Tempur-Pedic Investors Can Rest Easy Following Strong Earnings

| About: Tempur Sealy (TPX)

Small Cap and Mid Cap Watch List member Tempur-Pedic (NYSE:TPX) announced that earnings per share [EPS] increased 30% to $0.39 per diluted share in the second quarter of 2007 as compared to $0.30 per diluted share in the second quarter of 2006. Net sales rose 18% to $257.6 million in the second quarter of 2007 from $219.0 million in the second quarter of 2006. Retail sales increased 22% worldwide. Domestic retail sales increased 23% and international retail sales increased 18%.

Analysts had been expecting just $0.35 on $244 million in sales, and the stock soared in after-hours trading, finally validating one of my earnings previews this week (I said estimates have been rising but they will probably still beat them).
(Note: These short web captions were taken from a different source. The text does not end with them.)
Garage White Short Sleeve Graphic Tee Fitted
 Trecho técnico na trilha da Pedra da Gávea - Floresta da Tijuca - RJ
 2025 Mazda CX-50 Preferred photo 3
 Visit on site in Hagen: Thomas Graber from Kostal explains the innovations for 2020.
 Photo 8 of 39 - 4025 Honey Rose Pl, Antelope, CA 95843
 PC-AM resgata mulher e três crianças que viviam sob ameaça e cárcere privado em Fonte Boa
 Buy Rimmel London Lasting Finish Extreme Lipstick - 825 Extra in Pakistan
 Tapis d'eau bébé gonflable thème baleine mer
Having blown through the prior $100 million share repurchase since January, the board authorized an additional $200 million. They will have to pay more for these shares, though, since the company raised guidance:

Given the Company’s strong performance through the first half of 2007 and its continued positive outlook for the year, the Company is increasing 2007 full year financial guidance. The Company now expects net sales for 2007 to range from $1.065 billion to $1.085 billion, rather than $1.040 billion to $1.070 billion. This guidance reflects an increase of 13% to 15% compared to 2006 net sales of $945.0 million. The Company currently expects diluted earnings per share for 2007 to range from $1.63 to $1.66 compared to its previous guidance of $1.54 to $1.58. This guidance reflects an increase of 27% to 30% compared to 2006 EPS of $1.28. This guidance reflects incremental earnings resulting from increased sales expectations, shares repurchased through June 30, 2007, interest on associated borrowings and a lower full year tax rate. This guidance does not take into account the anticipated effect of any additional share repurchases.

I am going to nit-pick here, and point out that most of the guidance increase appears to be due to the lower tax rate (and is thus non-operational). Still, even accounting for this the midpoint of the new guidance is above the high end of the old guidance. Analysts right in the middle of the guidance range, so they will have some raising to do.

Cash from operations declined year/year, mostly due to rising inventories. Normally I would be more concerned about this, but the company had to make up for recent shortages (nice problem to have). All in all, it was a good report from a company that is on a roll.